To explore this hypothesis, do the following:

  1. Create a synthetic feature that's a ratio of total_rooms to population. (If you are new to pandas DataFrames, please study the .)
  2. Tune the three hyperparameters.
  3. Determine whether this synthetic feature produces a lower loss value than any of the single features you tried earlier in this exercise.

In [0]:
# Define a synthetic feature named rooms_per_person
training_df["rooms_per_person"] = ? # write your code here.

# Don't change the next line.
my_feature = "rooms_per_person"

# Assign values to these three hyperparameters.
learning_rate = ?
epochs = ?
batch_size = ?

# Don't change anything below this line.
my_model = build_model(learning_rate)
weight, bias, epochs, rmse = train_model(my_model, training_df,
                                         my_feature, my_label,
                                         epochs, batch_size)

plot_the_loss_curve(epochs, rmse)
predict_house_values(15, my_feature, my_label)

In [0]:
#@title Double-click to view a possible solution to Task 4.

# Define a synthetic feature
training_df["rooms_per_person"] = training_df["total_rooms"] / training_df["population"]
my_feature = "rooms_per_person"

# Tune the hyperparameters.
learning_rate = 0.06
epochs = 24
batch_size = 30

# Don't change anything below this line.
my_model = build_model(learning_rate)
weight, bias, epochs, mae = train_model(my_model, training_df,
                                        my_feature, my_label,
                                        epochs, batch_size)

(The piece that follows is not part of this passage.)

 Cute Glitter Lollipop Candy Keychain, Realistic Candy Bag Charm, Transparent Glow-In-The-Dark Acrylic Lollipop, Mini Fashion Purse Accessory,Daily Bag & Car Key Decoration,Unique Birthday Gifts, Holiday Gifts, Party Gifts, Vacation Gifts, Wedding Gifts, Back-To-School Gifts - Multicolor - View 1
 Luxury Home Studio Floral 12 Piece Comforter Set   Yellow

plot_the_loss_curve(epochs, mae)
predict_house_values(15, my_feature, my_label)

Based on the loss values, this synthetic feature produces a better model than the individual features you tried in Task 2 and Task 3. However, the model still isn't creating great predictions.

Task 5. Find feature(s) whose raw values correlate with the label

So far, we've relied on trial-and-error to identify possible features for the model. Let's rely on statistics instead.

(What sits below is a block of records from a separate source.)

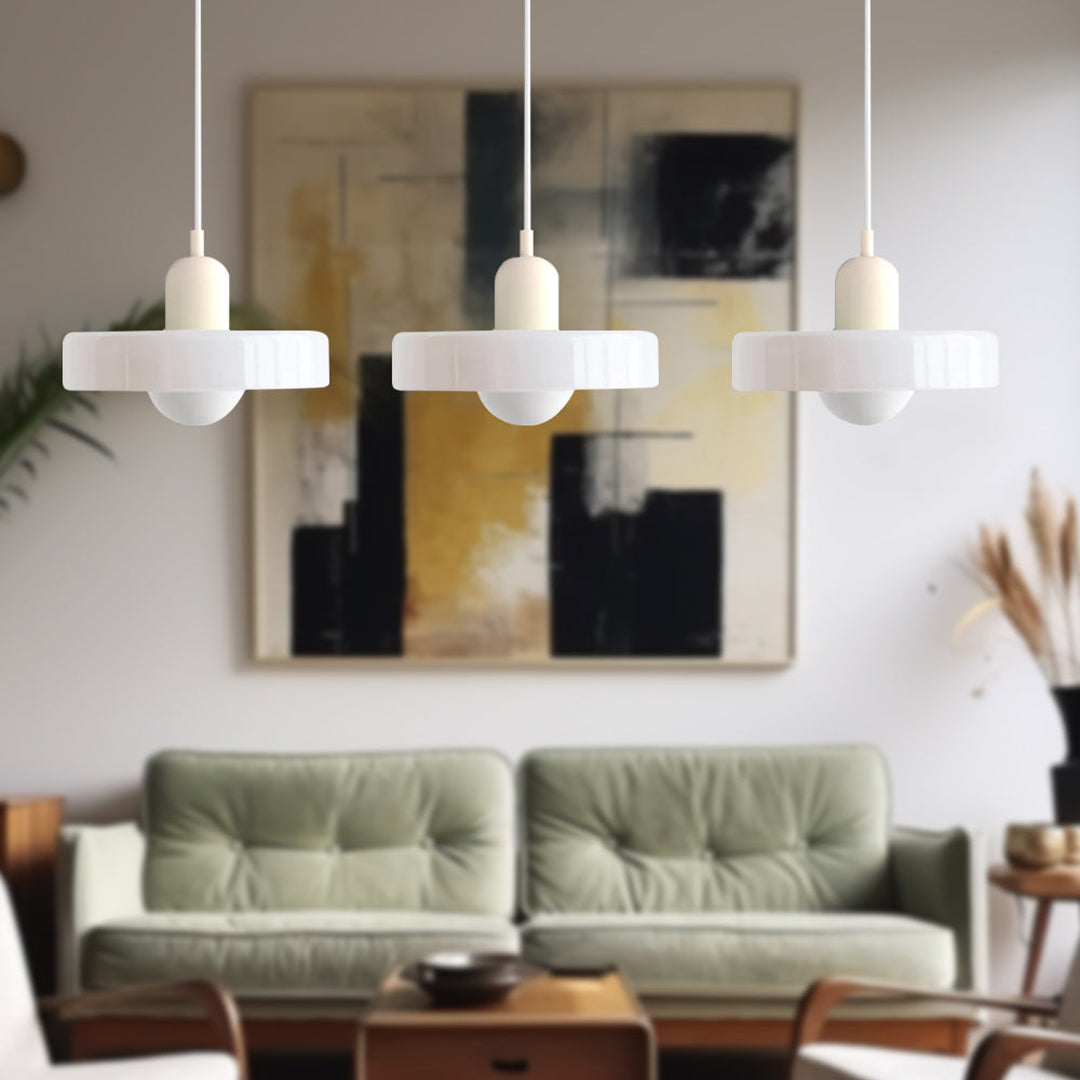Triple Glass Pendant Lamp – Retro Inspired Colorful Dining Table Design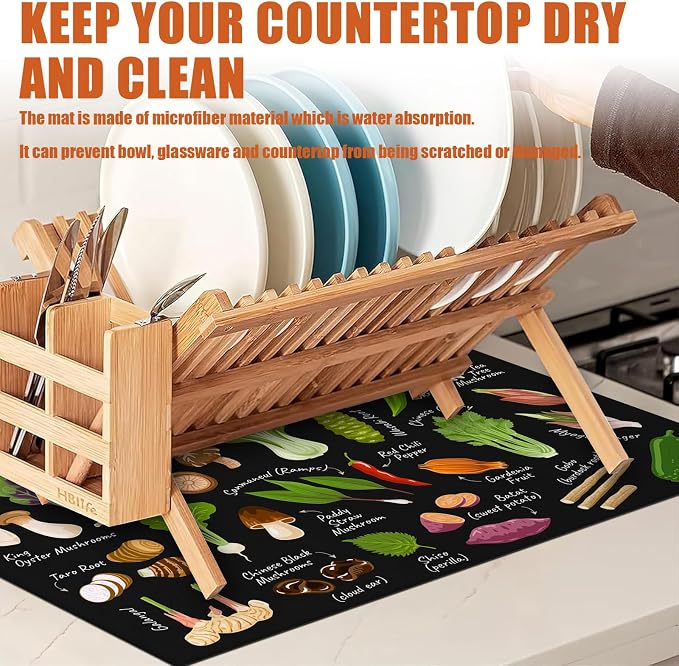 Vegetables Dish Drying Mat for Kitchen Counter Microfiber Absorbent Dish - Image 6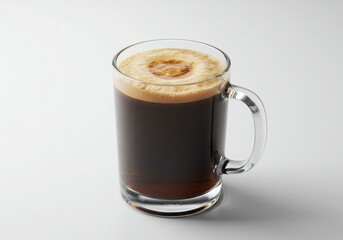 Naklejka premium Frothy coffee drink in a clear glass mug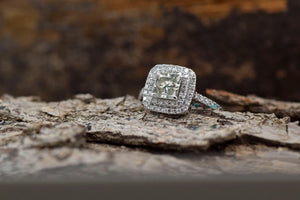 1.50 Halo Cushion diamond ring-Vintage salt and pepper ring-Promise ring-Salt and pepper ring-Salt pepper diamond-Cushion cut ring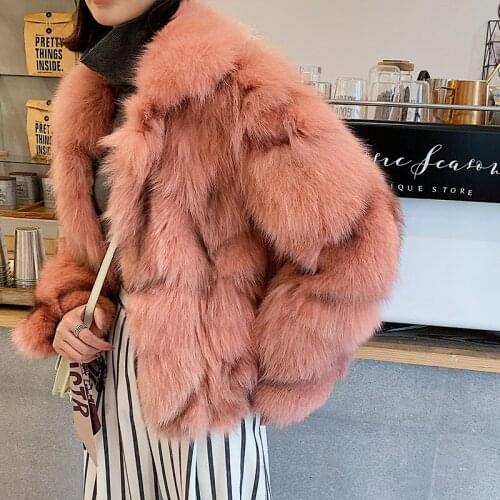 Winter Loose Fox Fur Grass Coat for Women Young Slim New Jacket High-end Full Sleeves Outwear 2020 Pink Cute Warm Thick Oversize
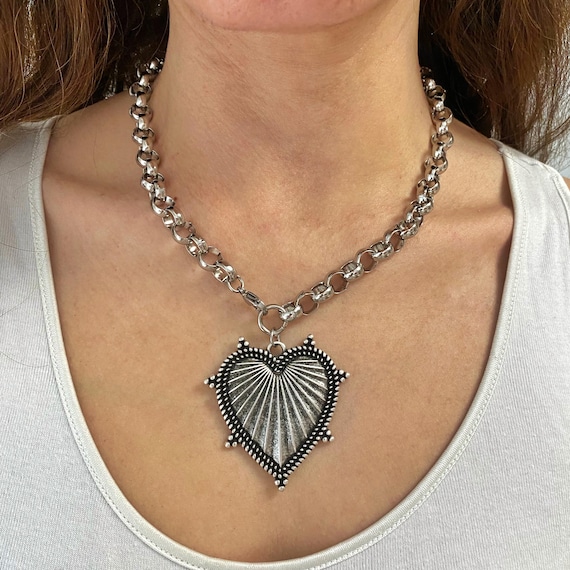 Heart Necklace, Chunky Silver Tone Necklace, Large Oversized Heart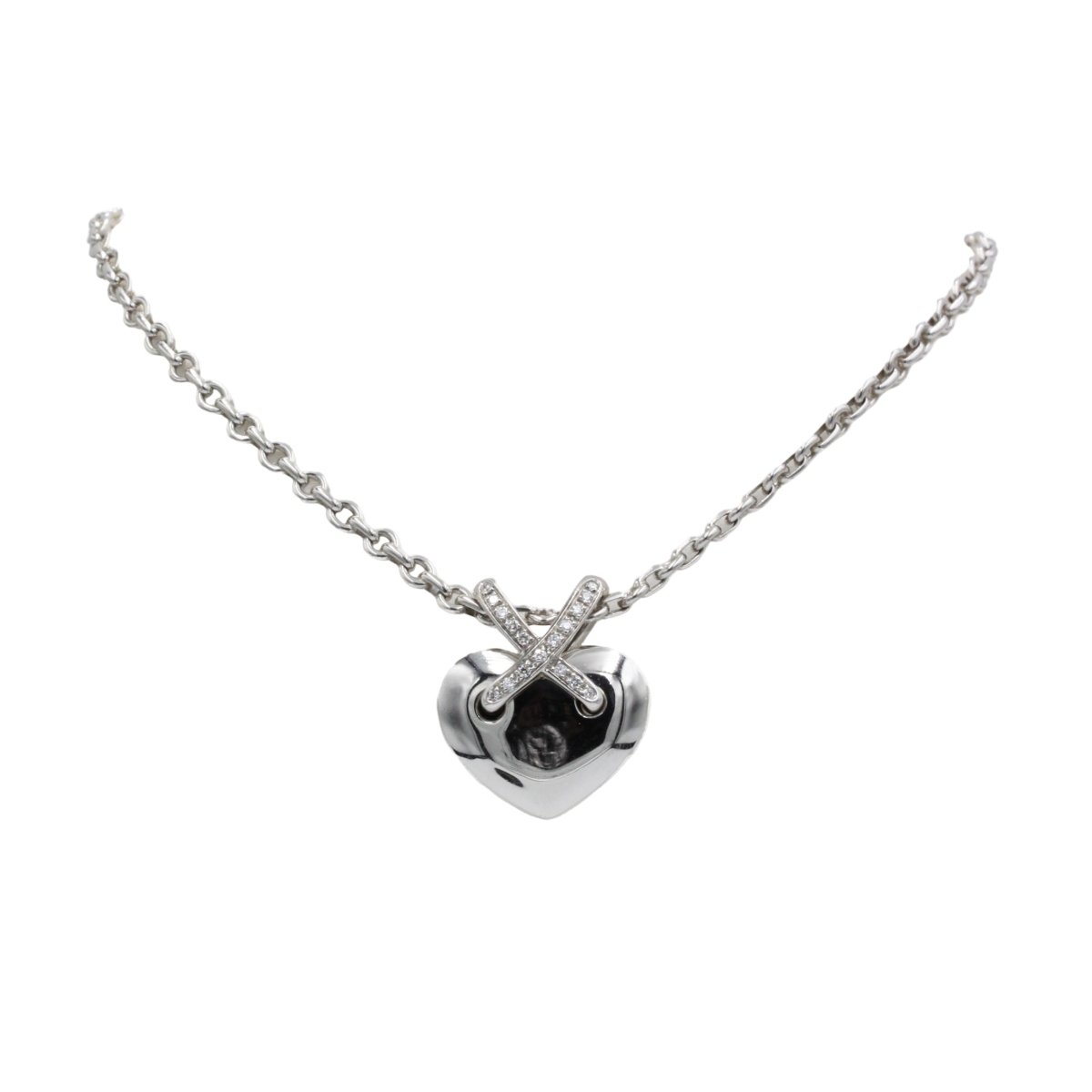 Collier Ras de Cou CHAUMET "Coeur Lien" en or blanc et diamants - Castafiore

A correlation matrix indicates how each attribute's raw values relate to the other attributes' raw values. Correlation values have the following meanings:

  • 1.0: perfect positive correlation; that is, when one attribute rises, the other attribute rises.
  • -1.0: perfect negative correlation; that is, when one attribute rises, the other attribute falls.
  • 0.0: no correlation; the two column's are not linearly related.

In general, the higher the absolute value of a correlation value, the greater its predictive power. For example, a correlation value of -0.8 implies far more predictive power than a correlation of -0.2.

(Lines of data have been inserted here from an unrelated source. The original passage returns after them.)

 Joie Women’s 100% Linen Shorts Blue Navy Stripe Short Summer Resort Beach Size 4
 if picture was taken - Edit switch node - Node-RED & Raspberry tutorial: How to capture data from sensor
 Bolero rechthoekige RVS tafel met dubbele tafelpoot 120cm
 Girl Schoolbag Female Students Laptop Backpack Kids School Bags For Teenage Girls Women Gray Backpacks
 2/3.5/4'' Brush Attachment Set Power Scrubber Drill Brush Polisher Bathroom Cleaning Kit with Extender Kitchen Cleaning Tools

The following code cell generates the correlation matrix for attributes of the California Housing Dataset:


In [0]:
# Generate a correlation matrix.
training_df.corr()

The correlation matrix shows nine potential features (including a synthetic feature) and one label (median_house_value). A strong negative correlation or strong positive correlation with the label suggests a potentially good feature.

Your Task: Determine which of the nine potential features appears to be the best candidate for a feature?


In [0]:
#@title Double-click here for the solution to Task 5

# The `median_income` correlates 0.7 with the label 
# (median_house_value), so median_income` might be a 
# good feature. The other seven potential features
# all have a correlation relatively close to 0. 

# If time permits, try median_income as the feature
# and see whether the model improves.

Correlation matrices don't tell the entire story. In later exercises, you'll find additional ways to unlock predictive power from potential features.

Note: Using median_income as a feature may raise some ethical and fairness issues. Towards the end of the course, we'll explore ethical and fairness issues.